*What needs to be done*
Could you transcribe each entry below exactly, minus the images?

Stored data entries
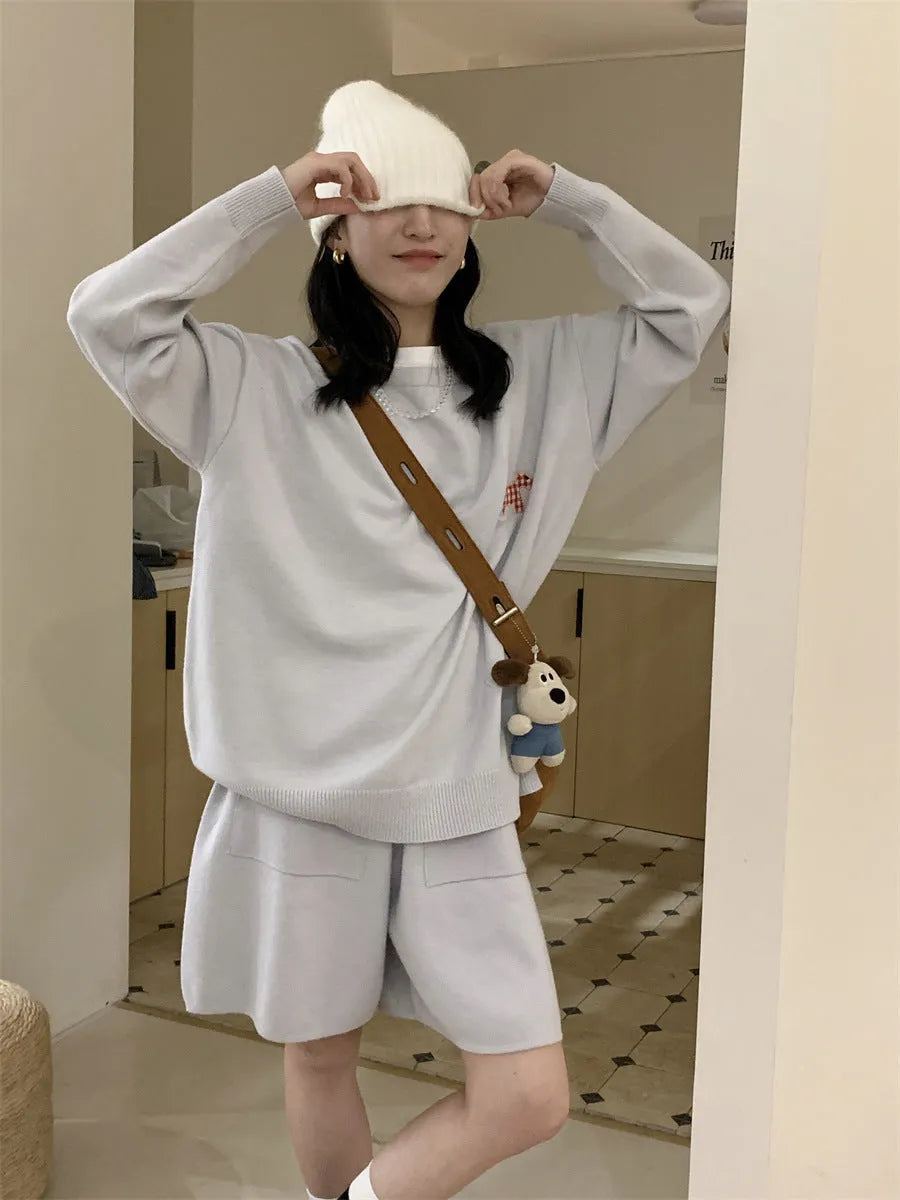 Women's knitted sweater shorts suit two-piece set with animal embroidery in imitation cashmere fabric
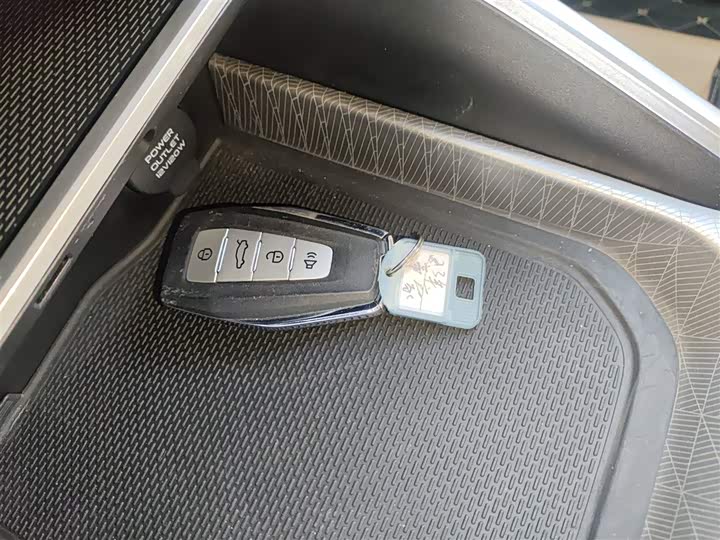 Фото 9 - Geely Emgrand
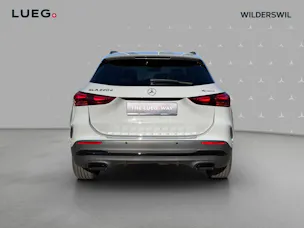 MERCEDES-BENZ GLA 220d 4Matic 8G-DCT
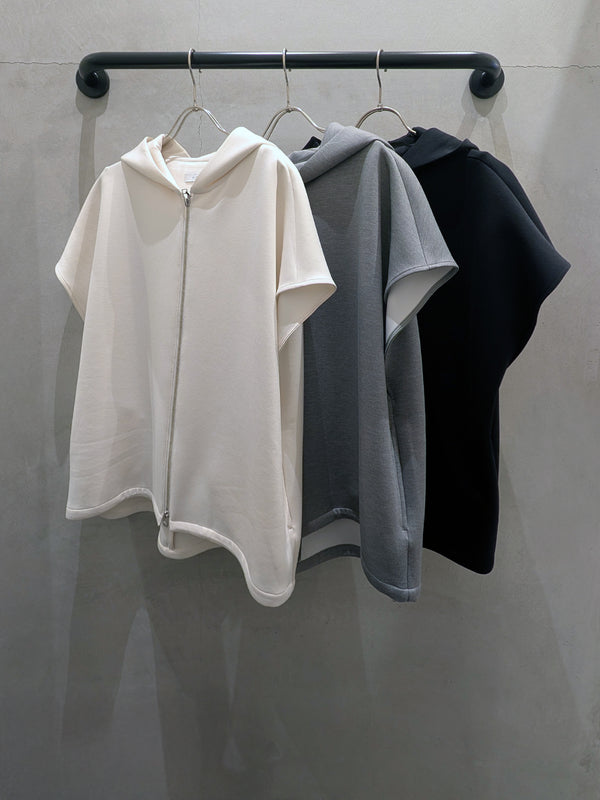 ダンボールニットフーディベスト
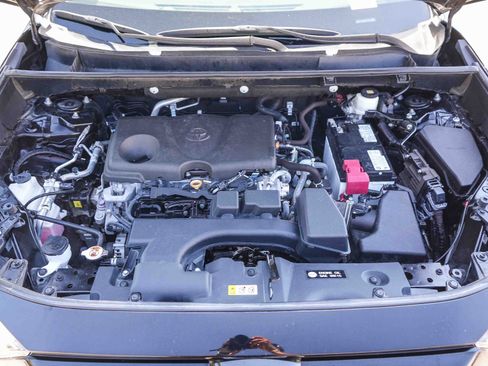 Used 2025 Toyota RAV4 XLE AWD/4WD image 27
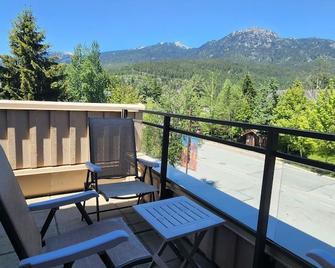 Cozy 1BR, steps from Creekside Gondola by Harmony Whistler Vacations - Whistler - Balcony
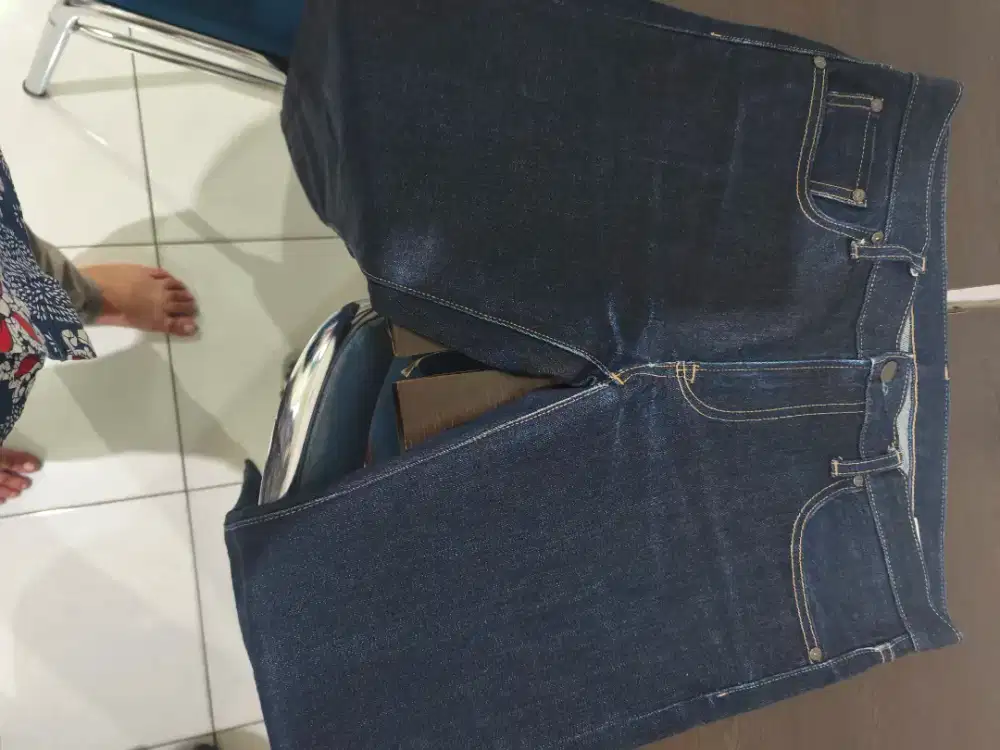 celana jeans uniqlo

*Your response*
 Women's knitted sweater shorts suit two-piece set with animal embroidery in imitation cashmere fabric
 Фото 9 - Geely Emgrand
 MERCEDES-BENZ GLA 220d 4Matic 8G-DCT
 ダンボールニットフーディベスト
 Used 2025 Toyota RAV4 XLE AWD/4WD image 27
 Cozy 1BR, steps from Creekside Gondola by Harmony Whistler Vacations - Whistler - Balcony
 celana jeans uniqlo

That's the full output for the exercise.